3. Define a trajectory and write the discounted return G_t.

Show answer

A trajectory is the sequence s_0, a_0, r_1, s_1, a_1, r_2, s_2, … produced by following a policy in the environment. The discounted return from time t is G_t = r_(t+1) + gamma * r_(t+2) + gamma^2 * r_(t+3) + … — the geometrically weighted sum of all future rewards from t onward.

4. What does the discount factor gamma control, and why must it be strictly less than 1 for continuing tasks?

Show answer

It controls myopia: gamma near 0 makes the agent care only about immediate reward; gamma near 1 makes it weigh long-term reward almost as much as immediate. For continuing (non-terminating) tasks with bounded rewards, gamma < 1 is required so the infinite sum of discounted rewards converges and the return is well-defined.

5. Why is “state design” a real engineering job?

Show answer

Because the Markov property is a property of the state representation, not the world. If the state omits crucial information (the Atari frame without velocity, the robot’s joint positions without their velocities), the Markov assumption fails and the algorithms that assume it can diverge. State design is choosing what to include so the next-state/reward distribution actually depends only on the current state.

6. In what sense is P (and often R) known in Phase 2 of the track and unknown in Phase 3?

Show answer

In Phase 2 (planning), you assume you know the full MDP, including P and R, and compute the optimal policy directly. In Phase 3 (model-free learning), you only get to sample transitions and rewards by acting in the environment; you never write P down. The MDP still underlies the analysis, but the agent must learn good behavior from samples alone.

Try it yourself: identify the pieces

A streaming-service recommender shows one piece of content per user session and gets a reward when the user engages. Formalize it as an MDP by naming each piece.

1. What is the STATE s?  (What information does the agent need to act?)
2. What is the ACTION a?
3. What does the TRANSITION P(s' | s, a) describe, and is it known?
4. What is the REWARD R, and who designed it?
5. What is a reasonable DISCOUNT gamma, and what does the choice express?

Show answer

1. STATE  s : the user's current context -- recent watch history, time of
              day, device, perhaps an embedding of their long-run profile.
              State design matters: too little (just "user id") will not be
              Markov; too much risks brittle state spaces.
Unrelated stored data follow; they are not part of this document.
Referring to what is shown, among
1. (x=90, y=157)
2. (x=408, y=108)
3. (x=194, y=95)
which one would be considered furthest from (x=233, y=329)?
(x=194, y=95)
2. ACTION a : which piece of content to show next (chosen from the catalog,
              possibly restricted by availability and policy).

3. P(s'|s,a): the user's response distribution -- whether they click, skip,
              or finish, and how their state updates afterwards.
              UNKNOWN in practice; must be learned from samples (Phase 3).
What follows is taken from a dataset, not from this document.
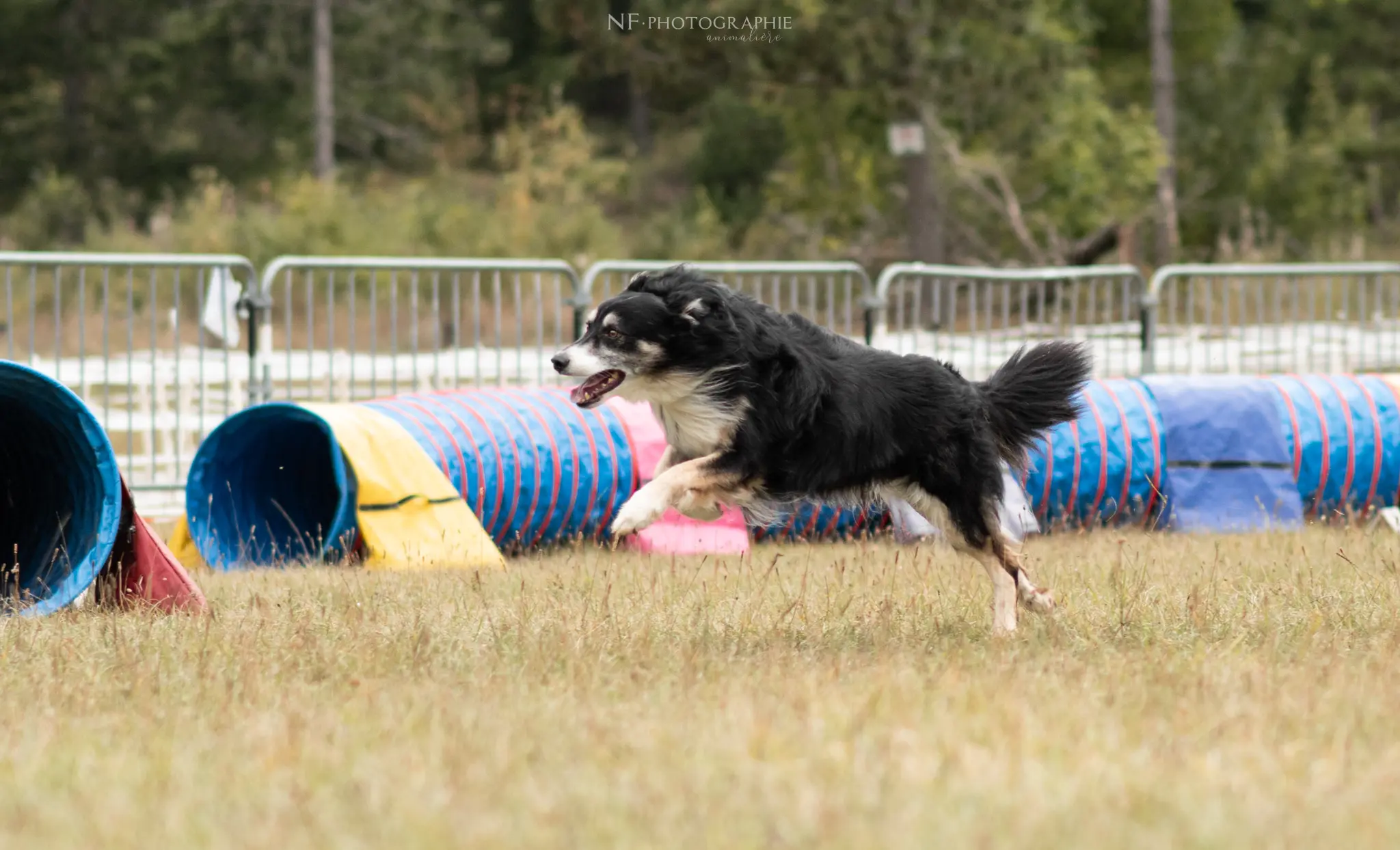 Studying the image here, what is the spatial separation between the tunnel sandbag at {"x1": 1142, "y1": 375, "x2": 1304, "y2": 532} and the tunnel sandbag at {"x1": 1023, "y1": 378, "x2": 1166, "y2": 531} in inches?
4.4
4. REWARD R : a number expressing engagement (e.g. +1 for a watch over 30
              seconds, 0 for a skip). DESIGNED by the team; the choice
              shapes what the agent optimizes -- a bad design produces an
              agent that games the metric.
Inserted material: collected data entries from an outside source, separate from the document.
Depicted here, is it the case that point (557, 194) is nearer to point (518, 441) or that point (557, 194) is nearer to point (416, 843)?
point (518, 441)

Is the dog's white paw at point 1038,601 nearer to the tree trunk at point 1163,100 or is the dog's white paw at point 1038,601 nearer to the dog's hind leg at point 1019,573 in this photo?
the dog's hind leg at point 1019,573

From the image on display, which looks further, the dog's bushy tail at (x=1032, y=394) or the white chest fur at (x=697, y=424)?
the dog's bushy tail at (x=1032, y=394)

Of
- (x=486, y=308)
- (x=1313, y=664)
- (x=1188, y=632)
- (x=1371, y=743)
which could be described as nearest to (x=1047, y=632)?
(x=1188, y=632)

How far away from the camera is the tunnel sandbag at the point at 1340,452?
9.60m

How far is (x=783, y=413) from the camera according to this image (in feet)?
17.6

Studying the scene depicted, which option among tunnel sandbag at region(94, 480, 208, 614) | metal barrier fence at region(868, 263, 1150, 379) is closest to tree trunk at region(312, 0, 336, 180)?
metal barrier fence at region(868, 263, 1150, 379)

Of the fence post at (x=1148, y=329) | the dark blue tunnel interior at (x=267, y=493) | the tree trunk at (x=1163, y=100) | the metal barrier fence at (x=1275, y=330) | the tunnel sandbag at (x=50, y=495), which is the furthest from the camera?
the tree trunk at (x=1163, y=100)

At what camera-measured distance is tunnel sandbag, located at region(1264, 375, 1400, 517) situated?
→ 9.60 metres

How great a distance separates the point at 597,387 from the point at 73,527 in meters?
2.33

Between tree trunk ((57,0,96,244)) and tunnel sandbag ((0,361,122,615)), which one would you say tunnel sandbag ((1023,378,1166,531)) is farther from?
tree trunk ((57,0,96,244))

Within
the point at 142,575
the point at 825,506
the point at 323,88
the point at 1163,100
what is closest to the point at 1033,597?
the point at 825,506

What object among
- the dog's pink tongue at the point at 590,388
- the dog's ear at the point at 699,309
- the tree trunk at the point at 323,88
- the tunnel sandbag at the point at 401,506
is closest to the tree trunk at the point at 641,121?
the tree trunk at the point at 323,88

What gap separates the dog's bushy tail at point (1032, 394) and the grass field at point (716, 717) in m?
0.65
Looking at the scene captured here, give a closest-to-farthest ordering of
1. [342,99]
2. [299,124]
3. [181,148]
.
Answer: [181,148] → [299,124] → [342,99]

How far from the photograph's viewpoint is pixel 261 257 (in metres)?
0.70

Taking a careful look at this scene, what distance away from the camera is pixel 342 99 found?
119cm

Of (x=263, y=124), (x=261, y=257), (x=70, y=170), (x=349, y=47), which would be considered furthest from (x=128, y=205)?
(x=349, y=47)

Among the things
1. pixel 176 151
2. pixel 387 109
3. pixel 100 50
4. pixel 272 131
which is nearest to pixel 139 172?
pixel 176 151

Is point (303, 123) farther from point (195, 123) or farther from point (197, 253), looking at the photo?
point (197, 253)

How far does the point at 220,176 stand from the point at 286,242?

5. gamma   : likely 0.9-0.99. Lower (~0.9) optimizes near-term engagement;
              higher (~0.99) values keeping the user around for many
              future sessions. The choice expresses the business' time
              horizon, not a property of the world.

The exercise is the formalization itself. Once those five pieces are named, every algorithm in the rest of the track has a precise problem to solve.

Try it yourself: compute the return at three gammas

Take a new trajectory in the H-S MDP from the lesson: S -> H -> H -> S, with rewards r_1 = -1 (taken from S), r_2 = +1 (taken from H), r_3 = +1 (taken from H), r_4 = -1 (taken from S). Compute G_0 at gamma = 0, 0.5, and 0.9.

Show answer

gamma = 0    (myopic):
  G_0 = r_1 = -1

gamma = 0.5:
  G_0 = -1 + 0.5*1 + 0.25*1 + 0.125*(-1)
      = -1 + 0.5 + 0.25 - 0.125 = -0.375

gamma = 0.9 (far-sighted):
  G_0 = -1 + 0.9*1 + 0.81*1 + 0.729*(-1)
      = -1 + 0.9 + 0.81 - 0.729 = -0.019  (almost zero)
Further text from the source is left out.